**PROBLEM DESCRIPTION**
Retype, word for word, each line between the lines holding "Banana Republic black skinny pants.0P" and "El Ayuntamiento de", inclusive, and leave the rest of the data alone.

**DATA SECTION**
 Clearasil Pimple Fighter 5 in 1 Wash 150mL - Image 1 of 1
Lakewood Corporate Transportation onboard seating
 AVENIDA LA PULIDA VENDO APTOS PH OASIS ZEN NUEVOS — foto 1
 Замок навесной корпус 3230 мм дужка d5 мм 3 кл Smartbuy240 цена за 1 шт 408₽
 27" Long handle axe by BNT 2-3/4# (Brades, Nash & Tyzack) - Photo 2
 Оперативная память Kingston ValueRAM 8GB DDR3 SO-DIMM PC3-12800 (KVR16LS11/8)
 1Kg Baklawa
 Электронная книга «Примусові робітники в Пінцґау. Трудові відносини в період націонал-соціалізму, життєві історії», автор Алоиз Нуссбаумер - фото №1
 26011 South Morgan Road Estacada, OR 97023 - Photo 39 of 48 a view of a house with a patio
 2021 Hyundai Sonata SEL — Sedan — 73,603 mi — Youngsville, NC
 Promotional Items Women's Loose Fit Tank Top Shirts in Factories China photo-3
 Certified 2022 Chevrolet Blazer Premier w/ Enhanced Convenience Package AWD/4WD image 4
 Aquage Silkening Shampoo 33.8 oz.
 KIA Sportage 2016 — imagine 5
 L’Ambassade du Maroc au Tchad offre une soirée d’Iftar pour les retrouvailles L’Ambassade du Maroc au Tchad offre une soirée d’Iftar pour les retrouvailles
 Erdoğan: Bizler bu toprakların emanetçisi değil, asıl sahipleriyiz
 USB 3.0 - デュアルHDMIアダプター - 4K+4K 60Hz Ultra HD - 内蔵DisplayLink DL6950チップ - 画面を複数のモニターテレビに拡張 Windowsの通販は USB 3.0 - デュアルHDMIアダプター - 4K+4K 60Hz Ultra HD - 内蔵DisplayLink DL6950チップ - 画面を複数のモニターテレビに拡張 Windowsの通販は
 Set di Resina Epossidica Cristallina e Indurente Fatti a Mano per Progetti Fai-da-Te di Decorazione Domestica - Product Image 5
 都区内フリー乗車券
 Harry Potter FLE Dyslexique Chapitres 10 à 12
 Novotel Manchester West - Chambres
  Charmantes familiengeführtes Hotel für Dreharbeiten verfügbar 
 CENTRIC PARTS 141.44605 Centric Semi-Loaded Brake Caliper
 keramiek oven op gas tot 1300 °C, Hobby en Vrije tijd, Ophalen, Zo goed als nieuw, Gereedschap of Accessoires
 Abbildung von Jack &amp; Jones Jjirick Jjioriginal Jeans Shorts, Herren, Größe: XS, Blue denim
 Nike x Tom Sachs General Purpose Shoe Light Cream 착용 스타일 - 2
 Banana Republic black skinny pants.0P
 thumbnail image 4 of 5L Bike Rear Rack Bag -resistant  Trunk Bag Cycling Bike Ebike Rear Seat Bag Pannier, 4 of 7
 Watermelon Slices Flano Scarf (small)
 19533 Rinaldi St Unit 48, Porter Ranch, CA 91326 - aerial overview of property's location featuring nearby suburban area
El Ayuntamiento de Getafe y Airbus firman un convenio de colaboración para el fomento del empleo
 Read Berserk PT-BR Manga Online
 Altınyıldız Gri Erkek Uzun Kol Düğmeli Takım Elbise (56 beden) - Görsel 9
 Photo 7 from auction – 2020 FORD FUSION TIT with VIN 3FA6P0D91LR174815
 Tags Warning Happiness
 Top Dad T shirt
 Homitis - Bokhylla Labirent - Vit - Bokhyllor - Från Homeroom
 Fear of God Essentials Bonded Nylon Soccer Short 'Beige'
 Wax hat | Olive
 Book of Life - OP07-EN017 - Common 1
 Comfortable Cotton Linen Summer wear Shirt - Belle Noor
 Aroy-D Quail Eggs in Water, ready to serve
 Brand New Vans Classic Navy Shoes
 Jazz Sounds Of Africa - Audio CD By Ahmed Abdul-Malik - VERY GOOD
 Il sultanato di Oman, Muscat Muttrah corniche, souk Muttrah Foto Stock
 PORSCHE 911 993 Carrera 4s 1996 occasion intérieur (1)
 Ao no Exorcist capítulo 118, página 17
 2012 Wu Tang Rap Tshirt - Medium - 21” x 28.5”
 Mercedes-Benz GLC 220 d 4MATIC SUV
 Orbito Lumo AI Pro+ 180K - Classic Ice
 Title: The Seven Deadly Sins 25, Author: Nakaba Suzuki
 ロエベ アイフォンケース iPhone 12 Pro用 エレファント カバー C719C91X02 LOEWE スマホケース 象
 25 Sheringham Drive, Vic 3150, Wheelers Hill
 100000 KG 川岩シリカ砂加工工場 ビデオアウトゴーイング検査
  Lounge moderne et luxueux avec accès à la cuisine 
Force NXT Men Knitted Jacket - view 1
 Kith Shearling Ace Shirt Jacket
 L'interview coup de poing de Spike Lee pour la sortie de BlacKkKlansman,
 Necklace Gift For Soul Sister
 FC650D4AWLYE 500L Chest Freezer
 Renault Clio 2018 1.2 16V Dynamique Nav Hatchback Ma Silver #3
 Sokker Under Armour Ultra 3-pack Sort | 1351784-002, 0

**SOLUTION FOR THIS EXERCISE**
 Banana Republic black skinny pants.0P
 thumbnail image 4 of 5L Bike Rear Rack Bag -resistant  Trunk Bag Cycling Bike Ebike Rear Seat Bag Pannier, 4 of 7
 Watermelon Slices Flano Scarf (small)
 19533 Rinaldi St Unit 48, Porter Ranch, CA 91326 - aerial overview of property's location featuring nearby suburban area
El Ayuntamiento de Getafe y Airbus firman un convenio de colaboración para el fomento del empleo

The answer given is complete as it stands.